- [THE PROBLEM]: From the entries below, output the line with "4828 Damon Avenue NW Warren OH 44483" and each following line up to and including the line with "الرئيس السيسي يستقبل", exactly as written.

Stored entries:
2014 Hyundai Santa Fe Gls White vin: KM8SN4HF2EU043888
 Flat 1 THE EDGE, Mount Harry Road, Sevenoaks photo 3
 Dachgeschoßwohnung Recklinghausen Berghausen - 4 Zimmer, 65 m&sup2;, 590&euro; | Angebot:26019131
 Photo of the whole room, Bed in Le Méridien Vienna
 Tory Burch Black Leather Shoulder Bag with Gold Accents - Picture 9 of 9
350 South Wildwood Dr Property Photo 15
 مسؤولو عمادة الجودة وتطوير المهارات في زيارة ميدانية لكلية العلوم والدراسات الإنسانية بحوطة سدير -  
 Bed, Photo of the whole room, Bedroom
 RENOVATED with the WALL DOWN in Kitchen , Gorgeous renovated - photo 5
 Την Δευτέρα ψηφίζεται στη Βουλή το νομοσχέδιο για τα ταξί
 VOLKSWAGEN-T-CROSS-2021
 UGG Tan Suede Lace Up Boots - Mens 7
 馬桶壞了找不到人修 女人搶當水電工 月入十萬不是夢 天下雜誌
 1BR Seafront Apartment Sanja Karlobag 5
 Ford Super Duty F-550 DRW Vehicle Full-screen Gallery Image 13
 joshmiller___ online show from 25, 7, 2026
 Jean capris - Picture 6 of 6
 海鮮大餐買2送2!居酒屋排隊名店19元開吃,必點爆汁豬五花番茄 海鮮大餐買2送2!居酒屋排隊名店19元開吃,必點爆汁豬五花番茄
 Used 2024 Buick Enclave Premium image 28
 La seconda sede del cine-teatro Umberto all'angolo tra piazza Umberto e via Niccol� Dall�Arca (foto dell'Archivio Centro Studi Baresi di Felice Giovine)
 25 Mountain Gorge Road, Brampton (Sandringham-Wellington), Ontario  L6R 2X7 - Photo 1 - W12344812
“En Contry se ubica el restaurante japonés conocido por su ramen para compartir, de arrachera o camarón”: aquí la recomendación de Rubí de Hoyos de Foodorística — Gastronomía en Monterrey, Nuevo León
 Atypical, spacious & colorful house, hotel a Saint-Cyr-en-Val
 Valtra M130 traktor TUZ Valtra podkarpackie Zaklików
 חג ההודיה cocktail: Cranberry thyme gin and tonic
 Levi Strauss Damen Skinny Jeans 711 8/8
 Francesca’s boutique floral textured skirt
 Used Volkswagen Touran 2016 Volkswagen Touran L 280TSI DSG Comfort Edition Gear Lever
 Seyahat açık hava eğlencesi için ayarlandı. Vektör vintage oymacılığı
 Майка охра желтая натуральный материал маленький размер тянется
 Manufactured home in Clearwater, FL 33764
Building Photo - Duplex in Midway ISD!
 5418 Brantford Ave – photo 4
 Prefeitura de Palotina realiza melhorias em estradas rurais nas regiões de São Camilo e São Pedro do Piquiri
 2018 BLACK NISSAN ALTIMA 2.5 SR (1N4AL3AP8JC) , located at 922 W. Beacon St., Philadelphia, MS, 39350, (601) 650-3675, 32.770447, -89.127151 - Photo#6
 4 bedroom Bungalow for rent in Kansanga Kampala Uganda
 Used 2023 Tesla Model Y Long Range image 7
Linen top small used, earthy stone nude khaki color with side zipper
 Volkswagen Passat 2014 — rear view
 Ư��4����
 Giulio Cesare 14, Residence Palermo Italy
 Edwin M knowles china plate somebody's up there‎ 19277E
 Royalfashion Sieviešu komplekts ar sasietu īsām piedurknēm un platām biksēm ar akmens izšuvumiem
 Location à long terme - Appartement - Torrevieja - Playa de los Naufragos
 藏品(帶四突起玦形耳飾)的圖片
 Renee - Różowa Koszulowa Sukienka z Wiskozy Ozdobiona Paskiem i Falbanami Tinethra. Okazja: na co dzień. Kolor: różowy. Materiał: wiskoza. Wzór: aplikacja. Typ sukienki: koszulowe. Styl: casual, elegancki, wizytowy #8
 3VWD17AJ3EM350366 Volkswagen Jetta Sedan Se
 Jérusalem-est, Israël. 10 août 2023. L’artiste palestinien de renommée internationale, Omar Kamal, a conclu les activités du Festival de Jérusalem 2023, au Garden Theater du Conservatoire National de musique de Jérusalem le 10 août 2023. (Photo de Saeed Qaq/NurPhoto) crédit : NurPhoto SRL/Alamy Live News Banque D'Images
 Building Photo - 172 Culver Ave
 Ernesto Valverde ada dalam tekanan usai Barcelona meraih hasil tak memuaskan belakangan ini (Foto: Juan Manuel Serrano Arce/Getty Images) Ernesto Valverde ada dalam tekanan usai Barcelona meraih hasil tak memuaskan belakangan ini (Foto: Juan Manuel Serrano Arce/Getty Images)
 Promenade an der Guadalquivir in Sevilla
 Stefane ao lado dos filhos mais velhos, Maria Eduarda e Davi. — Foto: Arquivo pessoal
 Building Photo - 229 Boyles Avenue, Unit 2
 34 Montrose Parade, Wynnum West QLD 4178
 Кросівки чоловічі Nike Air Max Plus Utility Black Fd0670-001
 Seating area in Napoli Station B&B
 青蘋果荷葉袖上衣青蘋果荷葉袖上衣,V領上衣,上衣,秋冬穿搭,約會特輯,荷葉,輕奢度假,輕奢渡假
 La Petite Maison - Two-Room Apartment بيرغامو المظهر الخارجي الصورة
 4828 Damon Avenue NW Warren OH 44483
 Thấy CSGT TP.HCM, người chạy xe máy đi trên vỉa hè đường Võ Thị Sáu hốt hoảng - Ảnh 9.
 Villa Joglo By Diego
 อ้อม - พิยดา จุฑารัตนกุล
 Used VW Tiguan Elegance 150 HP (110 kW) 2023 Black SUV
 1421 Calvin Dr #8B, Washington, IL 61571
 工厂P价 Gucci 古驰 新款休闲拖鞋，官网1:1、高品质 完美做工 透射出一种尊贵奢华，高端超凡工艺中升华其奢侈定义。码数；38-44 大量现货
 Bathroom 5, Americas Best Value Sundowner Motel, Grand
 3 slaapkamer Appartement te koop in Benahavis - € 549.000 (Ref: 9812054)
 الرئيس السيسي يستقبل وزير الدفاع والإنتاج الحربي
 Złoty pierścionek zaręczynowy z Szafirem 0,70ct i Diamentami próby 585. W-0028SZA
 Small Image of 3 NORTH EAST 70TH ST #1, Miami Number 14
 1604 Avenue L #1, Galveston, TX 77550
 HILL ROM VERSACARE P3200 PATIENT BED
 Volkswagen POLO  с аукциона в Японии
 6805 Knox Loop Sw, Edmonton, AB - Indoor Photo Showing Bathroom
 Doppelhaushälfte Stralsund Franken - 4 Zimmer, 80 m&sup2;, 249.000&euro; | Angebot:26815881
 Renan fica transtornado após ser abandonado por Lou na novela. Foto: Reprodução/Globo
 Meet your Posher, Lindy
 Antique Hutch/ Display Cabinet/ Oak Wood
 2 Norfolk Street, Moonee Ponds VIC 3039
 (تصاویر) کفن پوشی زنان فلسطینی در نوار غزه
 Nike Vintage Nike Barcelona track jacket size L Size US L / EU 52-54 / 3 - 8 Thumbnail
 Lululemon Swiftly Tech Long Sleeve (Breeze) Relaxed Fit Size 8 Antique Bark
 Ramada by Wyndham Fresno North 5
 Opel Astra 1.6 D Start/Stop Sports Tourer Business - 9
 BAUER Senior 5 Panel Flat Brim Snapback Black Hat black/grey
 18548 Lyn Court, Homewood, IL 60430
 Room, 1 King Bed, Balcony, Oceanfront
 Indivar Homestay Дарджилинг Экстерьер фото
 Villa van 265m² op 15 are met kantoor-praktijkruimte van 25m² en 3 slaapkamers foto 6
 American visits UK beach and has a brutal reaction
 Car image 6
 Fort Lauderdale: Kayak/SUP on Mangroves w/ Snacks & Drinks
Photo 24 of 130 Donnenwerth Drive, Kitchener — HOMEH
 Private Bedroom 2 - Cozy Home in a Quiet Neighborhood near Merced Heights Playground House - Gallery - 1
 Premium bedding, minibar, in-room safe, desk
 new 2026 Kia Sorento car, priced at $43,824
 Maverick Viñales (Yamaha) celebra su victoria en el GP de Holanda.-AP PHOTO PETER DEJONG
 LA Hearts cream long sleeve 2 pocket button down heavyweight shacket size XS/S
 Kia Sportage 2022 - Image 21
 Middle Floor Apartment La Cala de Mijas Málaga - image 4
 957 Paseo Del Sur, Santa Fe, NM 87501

- [RESULT OF THE EXERCISE]:
 4828 Damon Avenue NW Warren OH 44483
 Thấy CSGT TP.HCM, người chạy xe máy đi trên vỉa hè đường Võ Thị Sáu hốt hoảng - Ảnh 9.
 Villa Joglo By Diego
 อ้อม - พิยดา จุฑารัตนกุล
 Used VW Tiguan Elegance 150 HP (110 kW) 2023 Black SUV
 1421 Calvin Dr #8B, Washington, IL 61571
 工厂P价 Gucci 古驰 新款休闲拖鞋，官网1:1、高品质 完美做工 透射出一种尊贵奢华，高端超凡工艺中升华其奢侈定义。码数；38-44 大量现货
 Bathroom 5, Americas Best Value Sundowner Motel, Grand
 3 slaapkamer Appartement te koop in Benahavis - € 549.000 (Ref: 9812054)
 الرئيس السيسي يستقبل وزير الدفاع والإنتاج الحربي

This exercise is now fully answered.